───── Collected data ─────

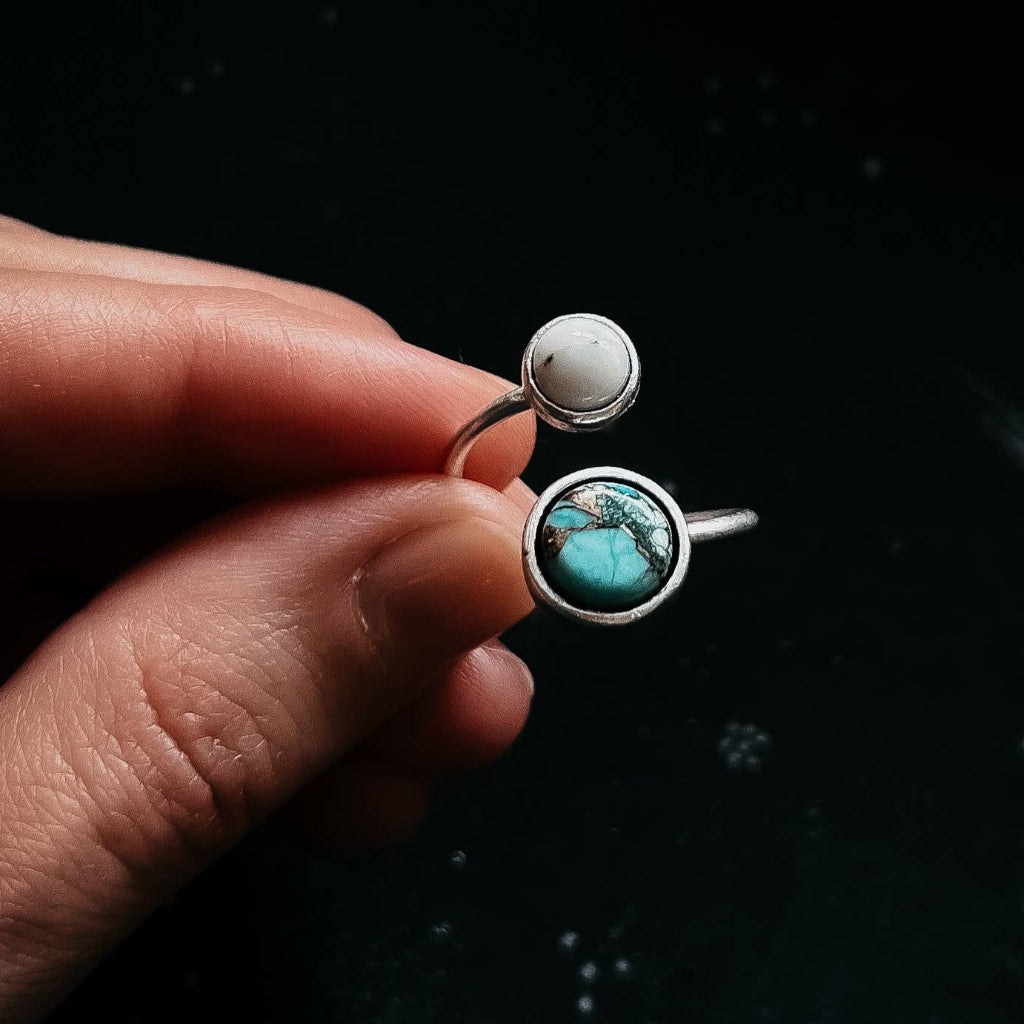 Earth and Moon Bypass Ring with Natural Stones - Space Jewelry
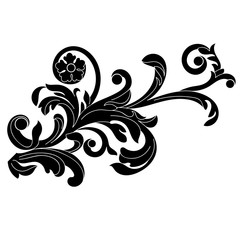 Black vintage baroque ornament, corner. Retro pattern antique style acanthus.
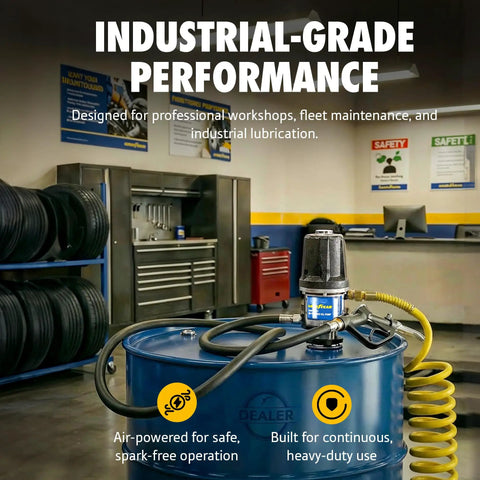 Heavy Duty Pneumatic Oil Pump Transfers 11.9 GPM Fast With Rust Resistant Stainless Steel And Icing Free Air Motor in workshop.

─────

▸ What you should do
Word for word, restate each line above, minus its pictures.

▸ Response area
 Earth and Moon Bypass Ring with Natural Stones - Space Jewelry
 Black vintage baroque ornament, corner. Retro pattern antique style acanthus.
 Heavy Duty Pneumatic Oil Pump Transfers 11.9 GPM Fast With Rust Resistant Stainless Steel And Icing Free Air Motor in workshop.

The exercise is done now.